Predicate matching

It looks like I ran into a major difference tonight between fetch requests and filtering an array on how predicates are evaluated. I’ve been using predicates that look like [NSPredicate predicateWithFormat:@”department == %@”, [someDepartment objectID]] in CoreData fetch requests with no problems. If I used that predicate on against the employee entity, I’d get back an array with all employees that are in someDepartment.

So tonight when I had to filter an array of employee objects I figured I’d use a predicate with the same format and I’d be all set. Boy was I wrong. Unfortunately it appears that relationships are not matched on NSManagedObjectIDs when filtering an array with filteredArrayUsingPredicate:. I get back an empty array. If I change the predicate to [NSPredicate predicateWithFormat:@”department == %@”, someDepartment], I get back the correct objects. The objectIDs are not being checked against target’s ID. As far as I can tell, there’s no documentation on this behavior. So now I get to create a work around for this behavior. If your wondering why I’m using the IDs instead of the actual objects and need to find a workaround, it is because there is some archiving involved and multiple contexts within a single persistence stack.

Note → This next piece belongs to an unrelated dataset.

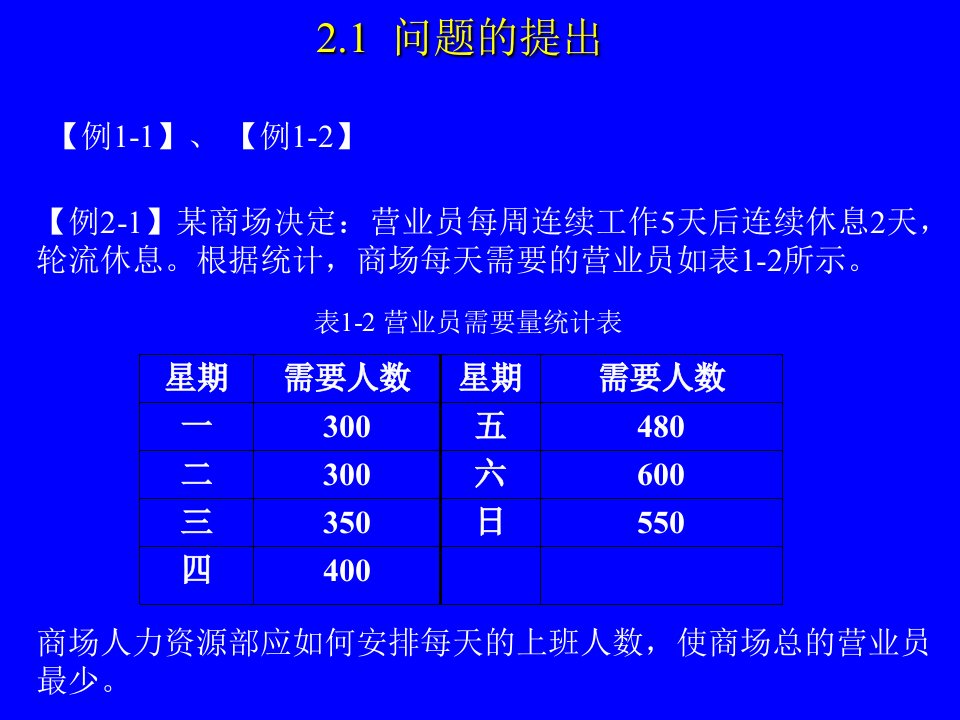 第2章线性规划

2 Responses to “Predicate matching”

  1. Peter Hosey Says:

    Would [NSPredicate predicateWithFormat:@”department.objectID == %@”, [someDepartment objectID]] work? (I’ve never used Core Data longer than half an hour, but it would certainly work outside of Core Data.)

  2. brad Says:

    Thanks Peter. That does work and I didn’t think of it last night. I was hung up on the predicates acting differently without being documented. I think I’m still going to rewrite it though. The way I’m thinking of doing it should give me more flexibility if I want to store predicates that match on things like created yesterday.